Imports

In [None]:
import numpy as np
import os
import sys
from tqdm import tqdm
import matplotlib.pyplot as plt
import matplotlib.cm as cm
import time
import json
import seaborn as sns

In [None]:
GPU_INDEX=5
isGPU = True


isTest=''
# isTest = 'test-'
# isTest = 'new-'

# MODEL_NAME = "resnet"
MODEL_NAME = "lenet5"

############################

NUM_EPOCHES = 40
NUM_CLASS = 100
EPOCH_THRES=5
BATCH_SIZE=256

DATA_NAME="cifar"


DATA_DIR = f'./data/{DATA_NAME}-{NUM_CLASS}'


############################

# thresholds = [[0.1], [0.2],[0.3], [0.4], [0.5], [0.6], [0.7],[0.8], [0.9]]
# to_keep = [[False, True]]*len(thresholds)


# thresholds = [[0.1, 0.9], [0.2, 0.8], [0.3, 0.7]]
# to_keep = [[False, True, True] , [False, True, True], [False, True, True]]

# thresholds = [[0.1, 0.3, 0.7], [0.15, 0.5, 0.85]]
# to_keep = [[False, True, True, False], [False, True, True, False]]



thresholds = [[0.1], [0.2], [0.2, 0.8], [0.15, 0.5, 0.85], [0.1, 0.4, 0.7]]
to_keep = [[False, True], [False, True], [False, True, True], [False, True, True, False], [False, True, True, False]]


In [None]:
print( f'\n\nRUNNING NOTEBOOK MODEL : {isTest}{MODEL_NAME}, DATA: {DATA_NAME}-{NUM_CLASS}' )

In [None]:
 # HF model
# HF_API_TOKEN = os.getenv("HF_API_TOKEN")


if isGPU:
    os.environ["CUDA_DEVICE_ORDER"]="PCI_BUS_ID" ## to avoid Context Switching 
    os.environ["HF_HOME"]= "/data2/meithnav/.hfcache/"
    os.environ["CUDA_VISIBLE_DEVICES"]=str(GPU_INDEX) # not changing GPU. Only 
    os.environ["WANDB_DISABLED"] = "true"
    # os.environ["CUDA_VISIBLE_DEVICES"]=str(GPU_INDEX) # not changing GPU. Only 


import torch
import torch.nn as nn
import torch.optim as optim
import torchvision
import torchvision.transforms as transforms
from torch.utils.data import DataLoader, Subset
torch.manual_seed(42)


if isGPU:
    torch.cuda.set_device(0) ## setgpu
    print("\n\n--> CONNECTED TO GPU NO: ", torch.cuda.current_device())
    print("--> GPU_INDEX: ", GPU_INDEX)
        
    # GPU (MPS for Apple Silicon, CUDA for Nvidia GPUs, or CPU)

    torch.cuda.empty_cache() # clear GPU cache
    torch.cuda.reset_max_memory_allocated()

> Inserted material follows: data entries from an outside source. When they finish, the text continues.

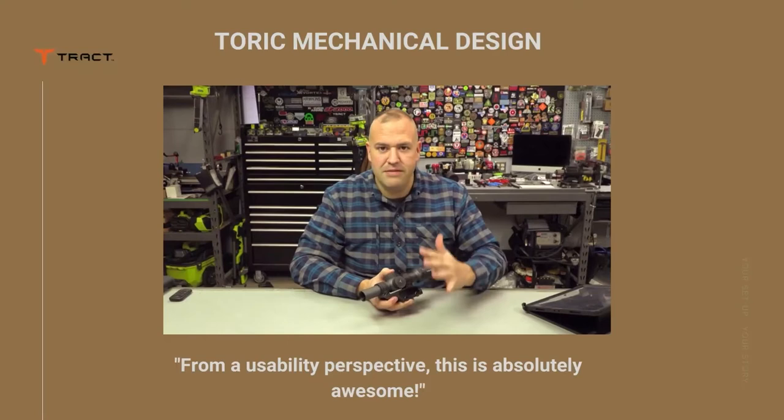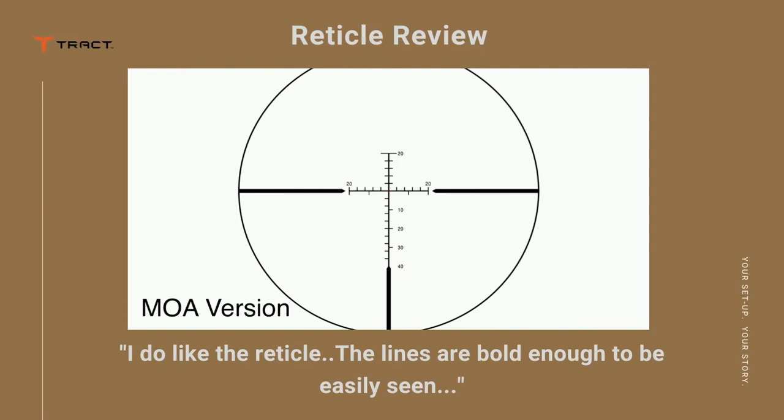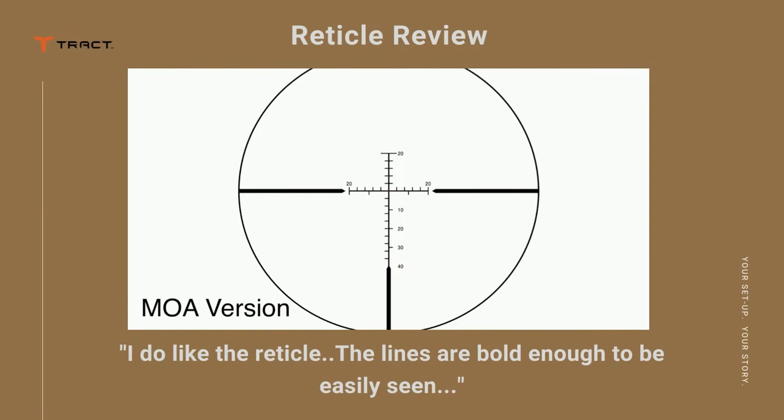Every LPVO should be like this — this is how it should be. I do like the reticle. It is simple. It has a second focal plane scope, which means the reticle does not change. One of the things I was very pleasantly surprised with is that the lines are bold enough to be easily seen.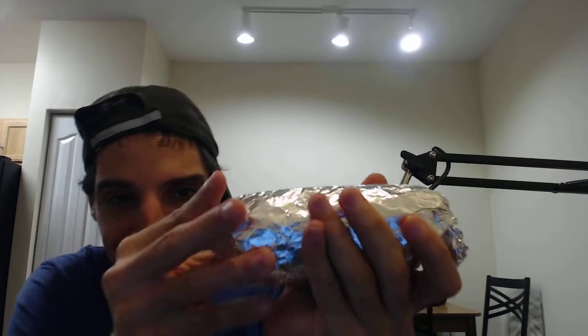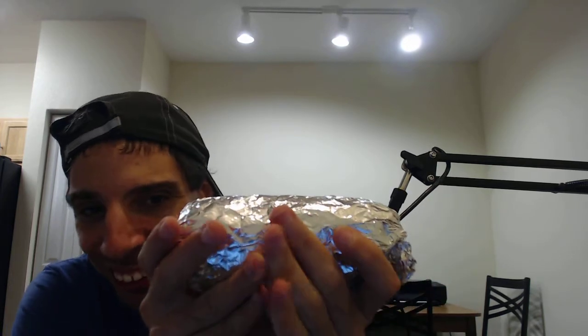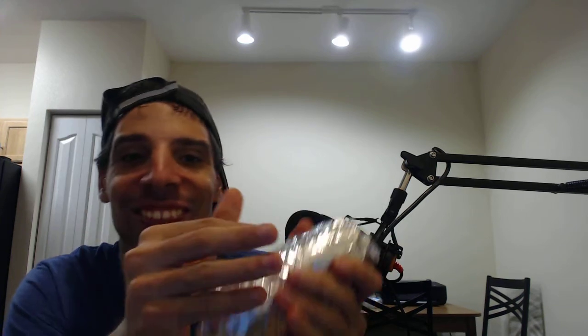Look at how much this burrito has in there — look at how much it weighs. And by the way, in the bag it's sriracha sauce. It's a lot of sriracha sauce.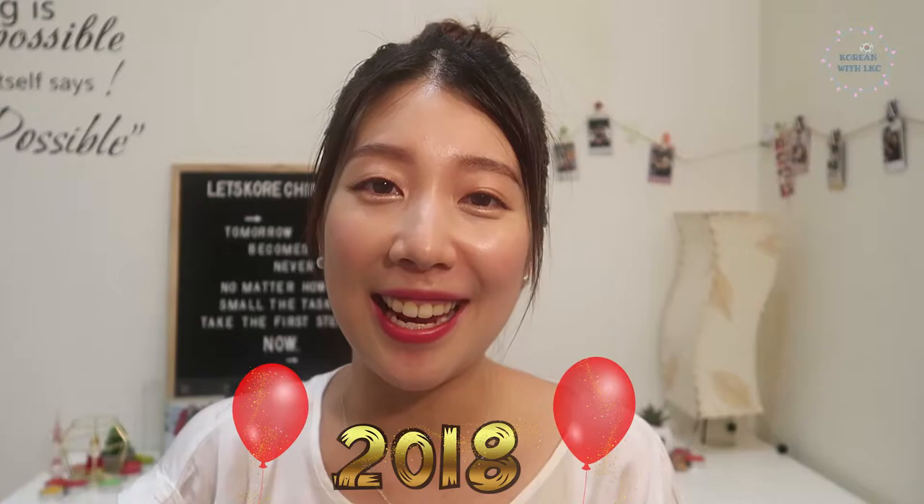Hey, my Korean language enthusiasts! Annyeonghaseyo! It is officially 2018. In this video, I will be sharing with you how I make 떡국.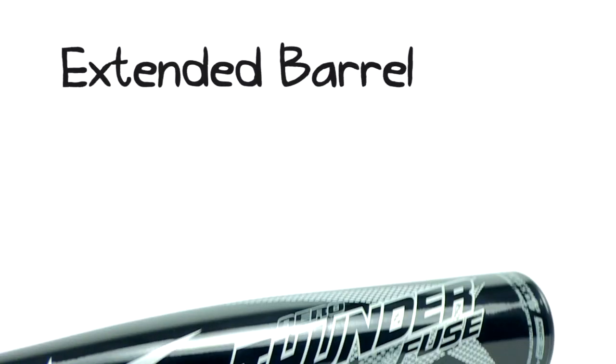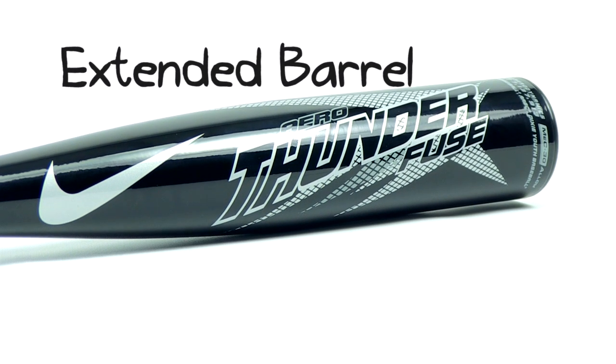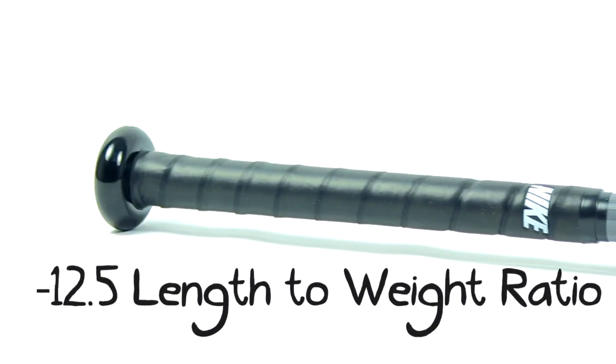This barrel is extended for a crazy huge sweet spot, so forget about mishits — they will be a thing of the past. With a super comfortable grip, you should have no trouble swinging super fast with maximum comfort.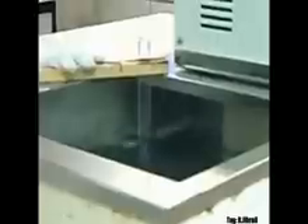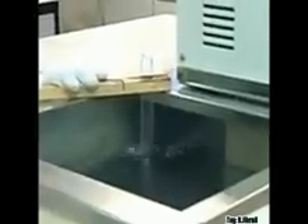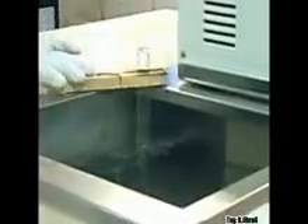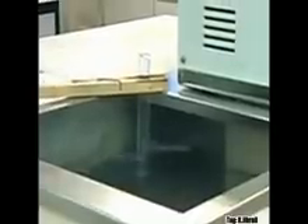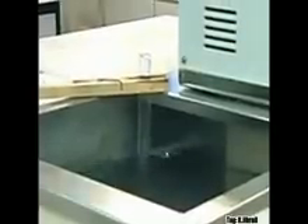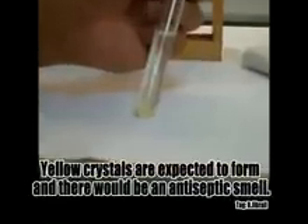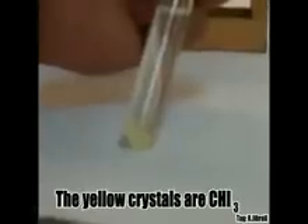Remove from the water bath and allow to cool. Note the colour and smell of the crystals formed. Yellow crystals are expected to form and they will have an antiseptic smell. The yellow crystals are CHI₃.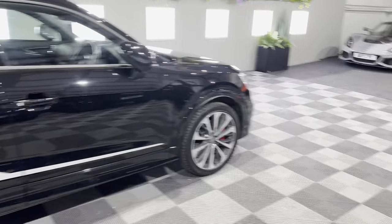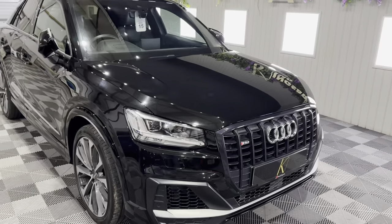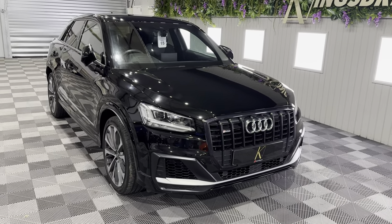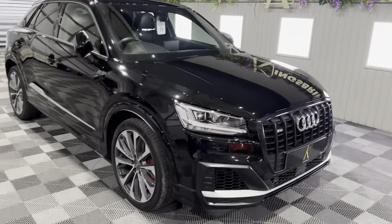This really hugs the road nicely — you can use all the power. If you've ever driven an Audi S3 or a Golf R, you'll know exactly what I mean. This is pretty special because there are not many Vorsprung SQ2s on the market. I think ours is one of two — the other one's silver. This is a black one, which is quite rare to find.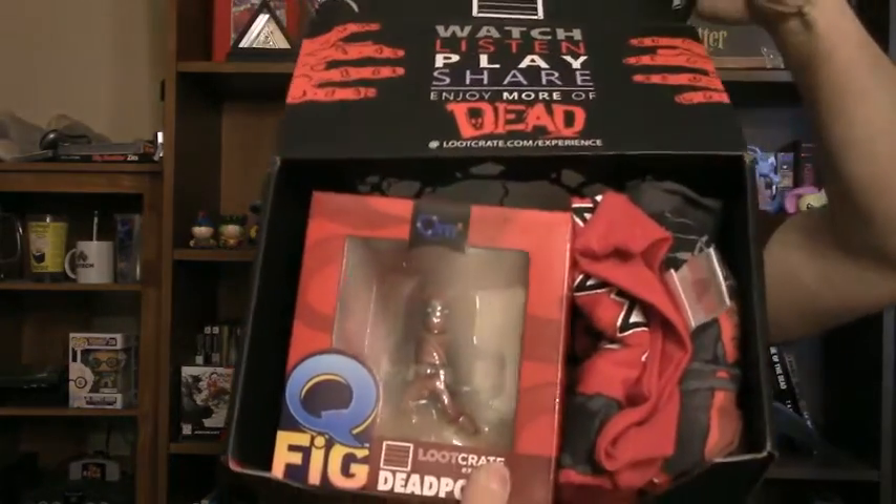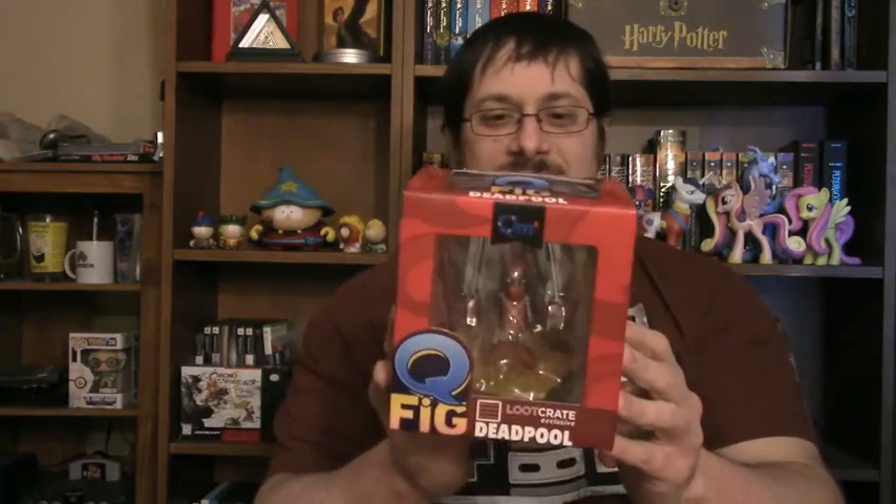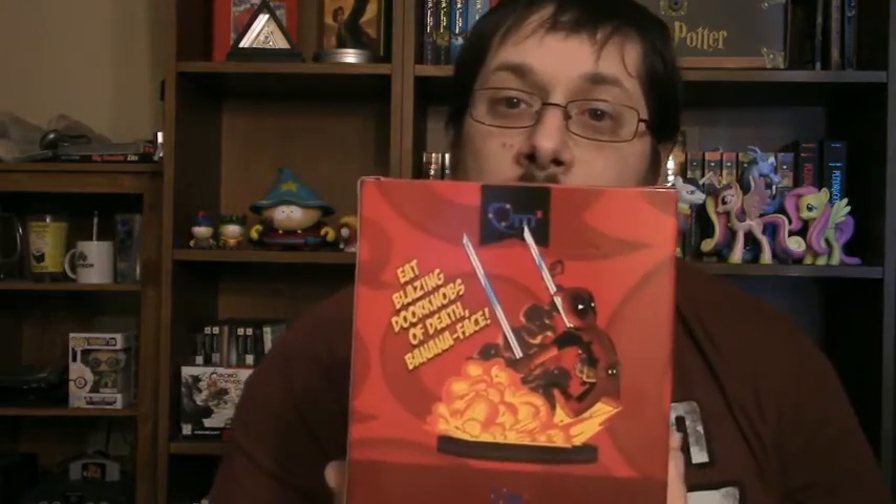Got my blade, and there we go. As always, open it for the camera first, and you get to see first what I'm getting. Alright, right off the bat, got some zombie stuff on the inside of the box, and got a Q-Fig Deadpool figure — mid-leap, katanas raised. That's a good image on the back of what the figure will look like.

device = torch.device("mps" if torch.backends.mps.is_available() else "cuda" if torch.cuda.is_available() else "cpu")

# APPEND ROOT DIRECTORY
# sys.path.append(os.path.abspath(os.path.join(os.path.dirname('Forgetability Experiments'), '..')))


print(os.getcwd())


os.makedirs('./models', exist_ok=True)
os.makedirs(f'./models/{isTest}{MODEL_NAME}-{DATA_NAME}-{NUM_CLASS}' ,  exist_ok=True)
os.makedirs('./outputs',  exist_ok=True)
os.makedirs('./outputs/plots',  exist_ok=True)
os.makedirs(f'./outputs/plots/{isTest}{MODEL_NAME}-{DATA_NAME}-{NUM_CLASS}',  exist_ok=True)
os.makedirs('./outputs/results',  exist_ok=True)
os.makedirs(f'./outputs/results/{isTest}{MODEL_NAME}-{DATA_NAME}-{NUM_CLASS}' ,  exist_ok=True)



In [None]:
def evaluate_model(model, test_loader):
    model.eval()
    correct = 0
    total = 0
    with torch.no_grad():
        for data, targets in test_loader:
            data, targets = data.to(device), targets.to(device)
            outputs = model(data)
            _, predictions = torch.max(outputs, 1)
            correct += (predictions == targets).sum().item()
            total += targets.size(0)
    return correct / total

In [None]:
class ForgetabilityTracker:
    def __init__(self, dataset_size):
        self.misclassification_counts = np.zeros(dataset_size, dtype=np.int32)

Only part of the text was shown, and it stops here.